Thomas Huber, a Colorado geographer, in his recent book, “An American Provence,” links the North Fork Valley with France’s world famous Coulon River Valley, a tourist destination and important agricultural area.
The North Fork is gaining national recognition as an up-and-coming agri-tourism destination and is earning a well-deserved brand for its organic, natural and minimally processed products and its responsible land stewardship. The U.S. Department of Agriculture has recognized the importance of the valley on a national and state level and has designated large parts of the valley as prime and unique farmlands.
The North Fork preserves a rural lifestyle that was long ago just memory in most of America. Local businesses are the norm here, and the sense of community is strong. While the politics often split down the middle, people get along.
We mostly agree on the importance of place and share the sense that something this special is worth preserving. We are proud that people come to experience our unique community for a weekend or a lifetime. It is the special uniqueness of old and new wrapped in an amazing natural setting that attracted or kept us here.
Some can dismiss the attitude as “provincial” — just a few thousand folks who do not want to see the lands around their water supplies, their farms, or immediately above their schools leased for oil and gas development. But legitimate concerns, based on increasingly worrisome scientific studies and real-life experiences of communities in Garfield County, Boulder County, New York and Wyoming, worry farmers about their water quality and availability, parents about their kids, towns about traffic on their crumbling roads, ranchers about their livestock and residents about their health, their property values and their livelihood.

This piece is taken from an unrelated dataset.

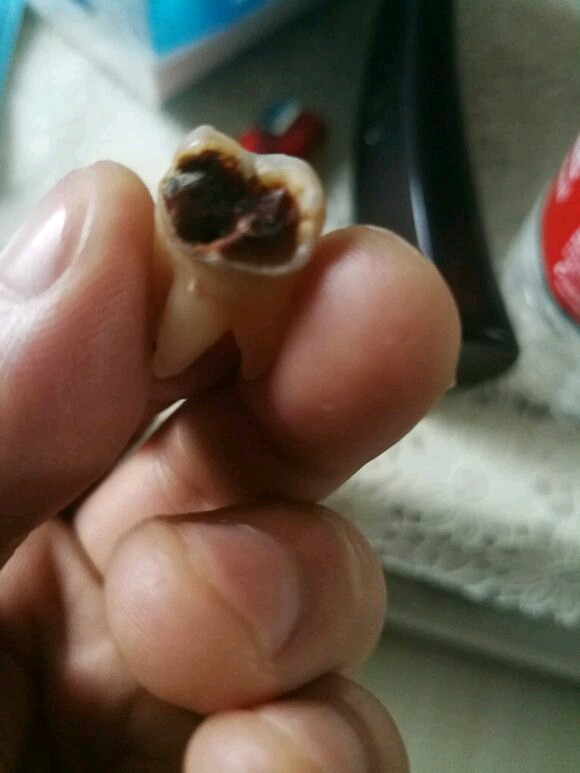 合肥靓美口腔医院拔牙怎么样_恢复过程_效果如何_笑成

People do not want the North Fork to become collateral damage in ways that other agricultural communities have for what some consider a myth of energy independence.
Those concerns ought not to be discounted or patronized. They are legitimate concerns that citizens expect their government to address in land use planning that could permit an industrial use in their midst.
In spite of such reasonable expectations, these concerns remain unaddressed in the Bureau of Land Management’s recent environmental assessment to lease 30,000 acres in the North Fork based on a resource management plan that is more than two decades old.
This out-of-date RMP is the core issue and was raised in most of the comments received during the last comment period. The analysis and management framework of the 1980s-era RMP and related environmental impact statement cannot support leasing these lands under current circumstances.
Colorado Parks and Wildlife comments urge the BLM to withdraw parcels because the 1989 RMP cannot protect migration corridors, riparian zones and other habitat. The U.S. Fish and Wildlife Service recommends parcels be deferred because the 1989 plan does not adequately protect against impacts to endangered species. The Gunnison Basin Selenium Task Force said leasing would jeopardize progress to reduce salinity loads in the Gunnison and Colorado Rivers — at the expense of millions of taxpayer dollars already spent. The Delta Conservation District urged parcels be pulled since outdated management does not properly protect the extensive irrigation and related resources and infrastructure in the valley. Several local governments commented, all asking that parcels be withdrawn because the RMP cannot show it will avoid damage to public, community or local resources. Gunnison County summed it up succinctly in its comments on the environmental assessment:
“We believe that the proposed lease sale is premature, unsupported by required National Environmental Policy Act (NEPA) analysis and documentation, that it lacks critical foundational information ... The draft Environmental Assessment only affirms those concerns. We respectfully suggest that to act on the incomplete information included in the draft EA and FONSI (agency ‘finding of no significant impacts’) will indeed result in a regrettable decision.
“Again, the Board of County Commissioners of the County of Gunnison, Colorado, respectfully requests that the Bureau not proceed with the proposed August 2012 Oil and Gas Lease Sale unless and until both an Environmental Impact Statement, and the current revision of the ... RMP are completed.”
North Fork communities deserve due consideration from their government. Common sense and good land use planning demand that such be given based on the uses and resources that exist today, and on which of those should be cultivated for the future.
The North Fork is a special place, recognized as such by old timers, newcomers and visiting travelers alike. It is a uniquely Colorado community, deeply rooted in the past and creatively manifesting its future.
Residents do expect the BLM to consider our communities as it revises its RMP. But that such a revision is underway is not really the issue. The matter comes down to a simple one: The agency cannot lease these lands because it has not done the necessary study and planning, nor can it show that it has management in place protecting the valley’s important and current assets.
Lazaros Bountour serves on the Upper North Fork Valley planning committee for Delta County. He and his wife own a vineyard and 27-acre farm in the North Fork Valley that they hope to turn into a Bed and Breakfast.